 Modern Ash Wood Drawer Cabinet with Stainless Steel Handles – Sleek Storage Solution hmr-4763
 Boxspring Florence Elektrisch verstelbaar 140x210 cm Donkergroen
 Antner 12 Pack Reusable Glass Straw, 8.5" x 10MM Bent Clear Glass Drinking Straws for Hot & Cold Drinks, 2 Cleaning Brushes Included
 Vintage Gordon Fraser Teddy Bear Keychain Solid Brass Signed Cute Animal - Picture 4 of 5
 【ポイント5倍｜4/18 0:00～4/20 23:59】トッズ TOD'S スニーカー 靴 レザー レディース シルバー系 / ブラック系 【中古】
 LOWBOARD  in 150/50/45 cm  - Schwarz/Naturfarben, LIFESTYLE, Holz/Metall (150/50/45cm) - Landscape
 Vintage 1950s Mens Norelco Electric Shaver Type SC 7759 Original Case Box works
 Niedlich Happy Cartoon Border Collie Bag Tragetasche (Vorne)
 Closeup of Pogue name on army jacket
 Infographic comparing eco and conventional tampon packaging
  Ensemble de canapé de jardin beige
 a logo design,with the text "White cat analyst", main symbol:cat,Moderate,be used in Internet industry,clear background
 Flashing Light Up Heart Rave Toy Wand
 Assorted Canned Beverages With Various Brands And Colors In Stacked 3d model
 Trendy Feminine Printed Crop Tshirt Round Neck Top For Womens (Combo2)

|---|

:: ACTIVITY ::
Starting at the line in the records above that contains "Vintage 1950s Mens", output every line up to and including the last one, with nothing added.

:: EXERCISE OUTPUT ::
 Vintage 1950s Mens Norelco Electric Shaver Type SC 7759 Original Case Box works
 Niedlich Happy Cartoon Border Collie Bag Tragetasche (Vorne)
 Closeup of Pogue name on army jacket
 Infographic comparing eco and conventional tampon packaging
  Ensemble de canapé de jardin beige
 a logo design,with the text "White cat analyst", main symbol:cat,Moderate,be used in Internet industry,clear background
 Flashing Light Up Heart Rave Toy Wand
 Assorted Canned Beverages With Various Brands And Colors In Stacked 3d model
 Trendy Feminine Printed Crop Tshirt Round Neck Top For Womens (Combo2)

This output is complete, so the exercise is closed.